Return the entries exactly. Images are not part of the copy.

Captioned web image data:
------------------------------------------------------------

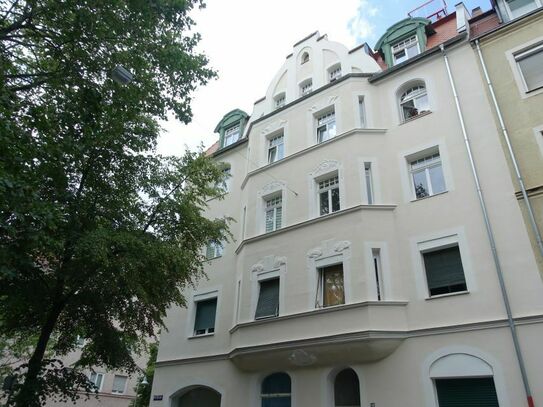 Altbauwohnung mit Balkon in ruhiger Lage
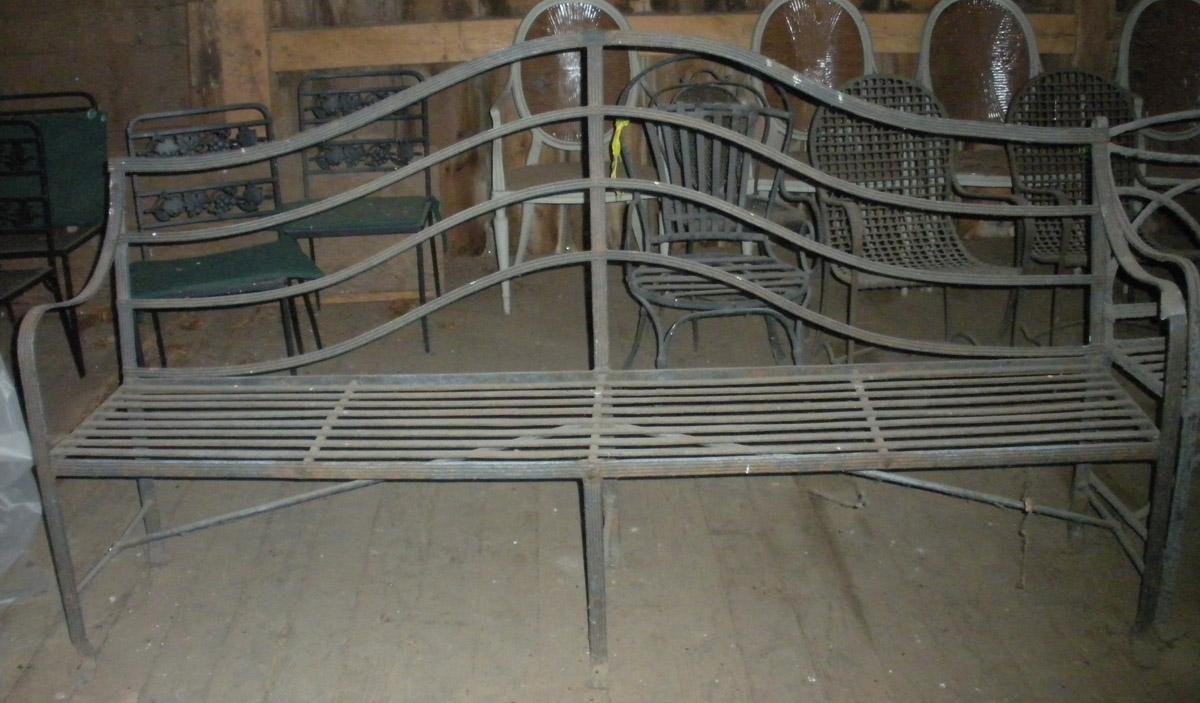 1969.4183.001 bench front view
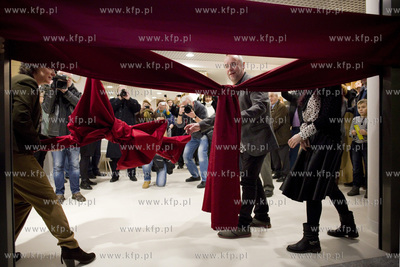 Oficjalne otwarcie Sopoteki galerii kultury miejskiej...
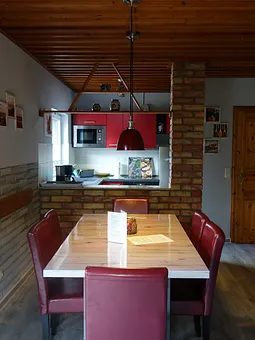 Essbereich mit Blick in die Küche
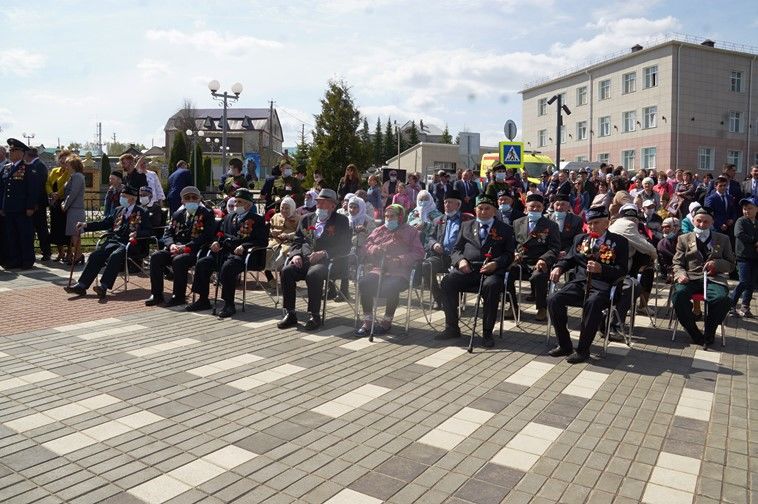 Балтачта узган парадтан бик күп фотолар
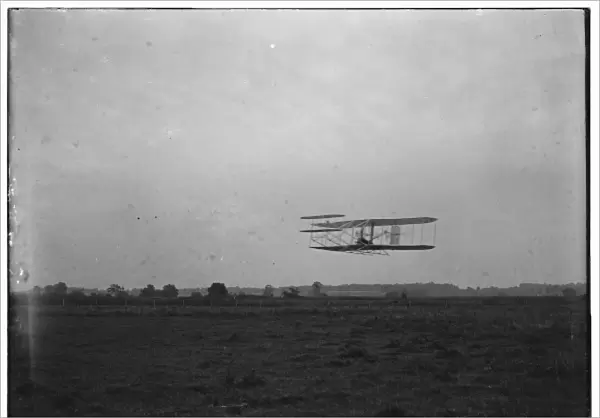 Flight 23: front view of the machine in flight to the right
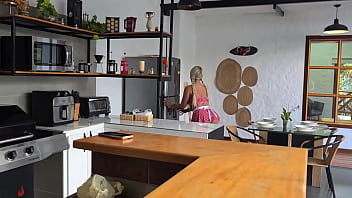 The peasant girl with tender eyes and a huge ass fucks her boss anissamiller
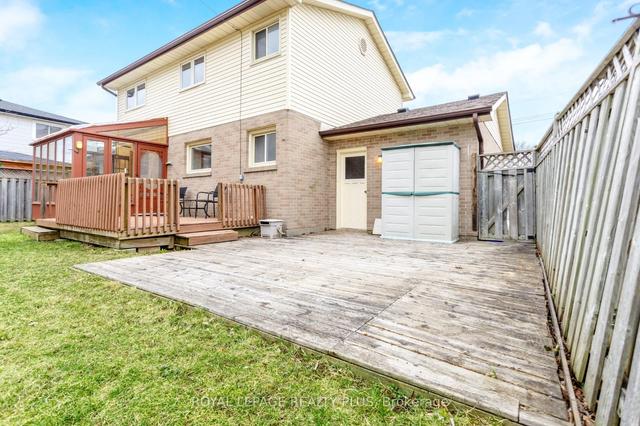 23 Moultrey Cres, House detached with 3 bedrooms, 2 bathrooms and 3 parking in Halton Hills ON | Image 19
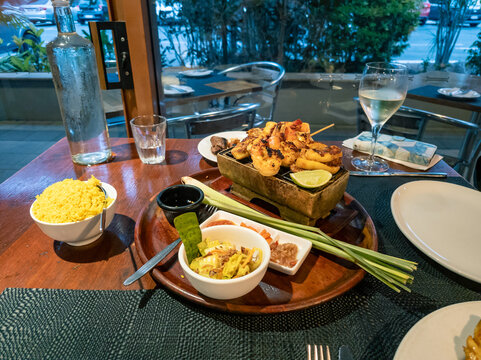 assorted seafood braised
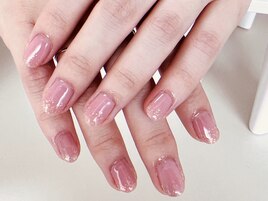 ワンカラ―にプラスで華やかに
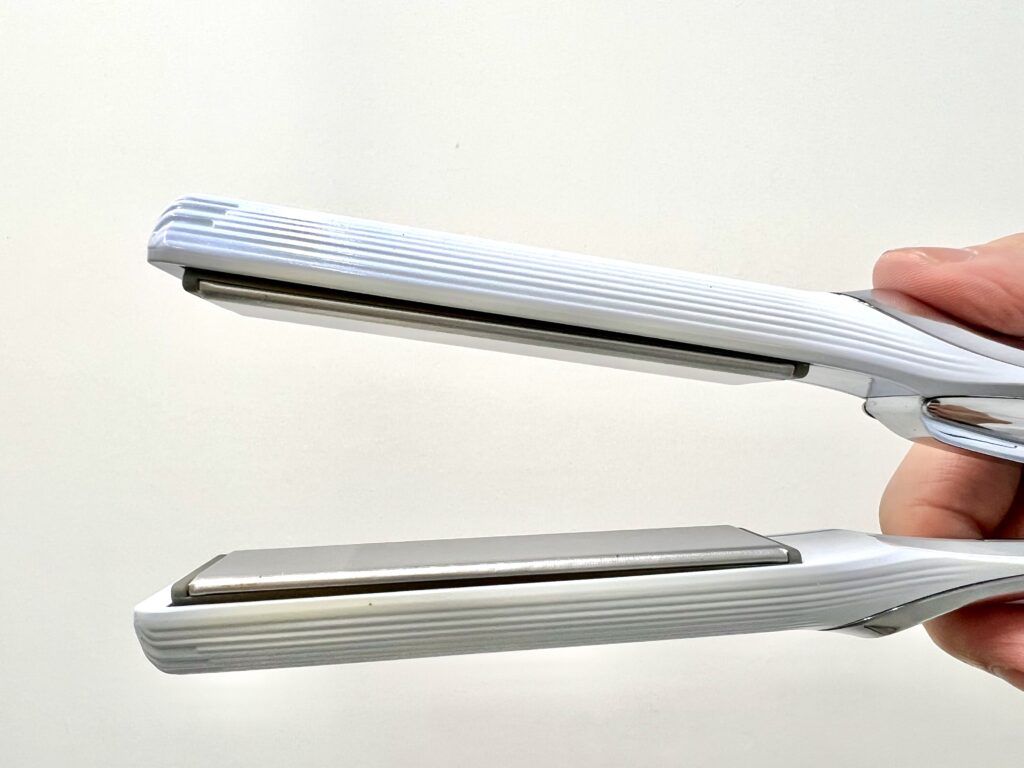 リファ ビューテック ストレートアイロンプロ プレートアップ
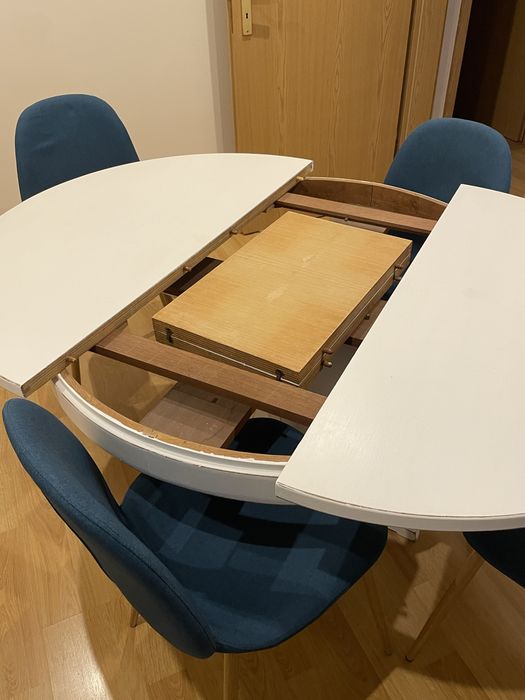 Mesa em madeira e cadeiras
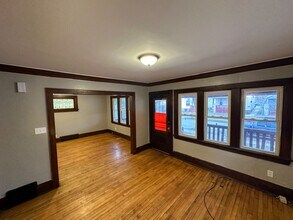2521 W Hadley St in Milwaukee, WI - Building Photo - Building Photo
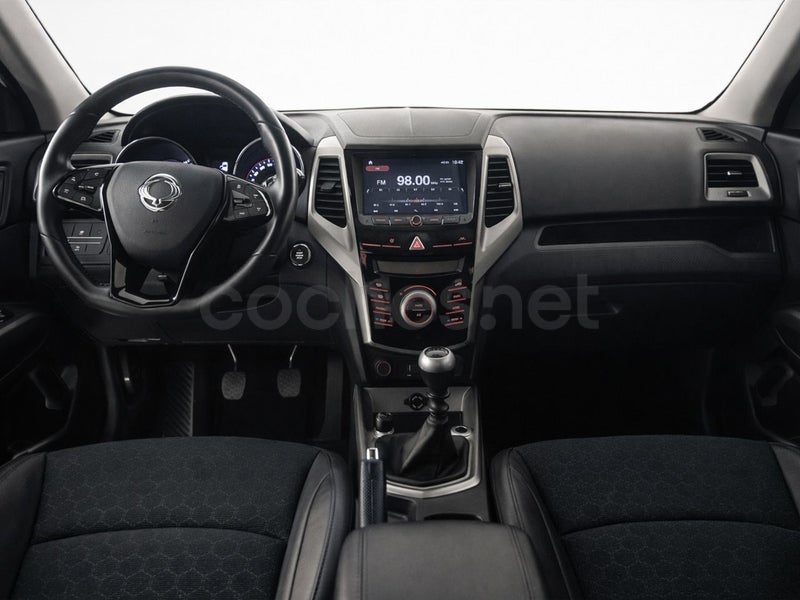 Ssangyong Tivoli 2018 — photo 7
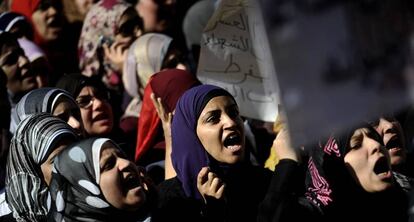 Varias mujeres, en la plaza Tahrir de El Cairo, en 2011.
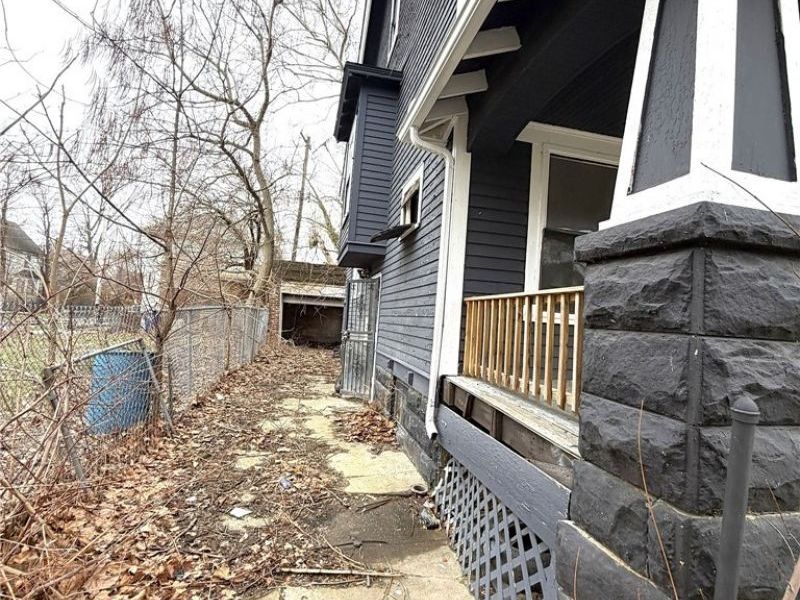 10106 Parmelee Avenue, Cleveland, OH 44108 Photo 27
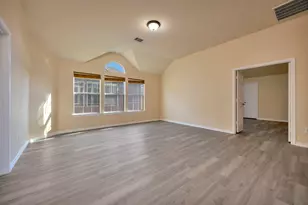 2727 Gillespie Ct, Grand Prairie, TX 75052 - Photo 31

------------------------------------------------------------

Response area »
 Altbauwohnung mit Balkon in ruhiger Lage
 1969.4183.001 bench front view
 Oficjalne otwarcie Sopoteki galerii kultury miejskiej...
 Essbereich mit Blick in die Küche
 Балтачта узган парадтан бик күп фотолар
 Flight 23: front view of the machine in flight to the right
 The peasant girl with tender eyes and a huge ass fucks her boss anissamiller
 23 Moultrey Cres, House detached with 3 bedrooms, 2 bathrooms and 3 parking in Halton Hills ON | Image 19
 assorted seafood braised
 ワンカラ―にプラスで華やかに
 リファ ビューテック ストレートアイロンプロ プレートアップ
 Mesa em madeira e cadeiras
2521 W Hadley St in Milwaukee, WI - Building Photo - Building Photo
 Ssangyong Tivoli 2018 — photo 7
 Varias mujeres, en la plaza Tahrir de El Cairo, en 2011.
 10106 Parmelee Avenue, Cleveland, OH 44108 Photo 27
 2727 Gillespie Ct, Grand Prairie, TX 75052 - Photo 31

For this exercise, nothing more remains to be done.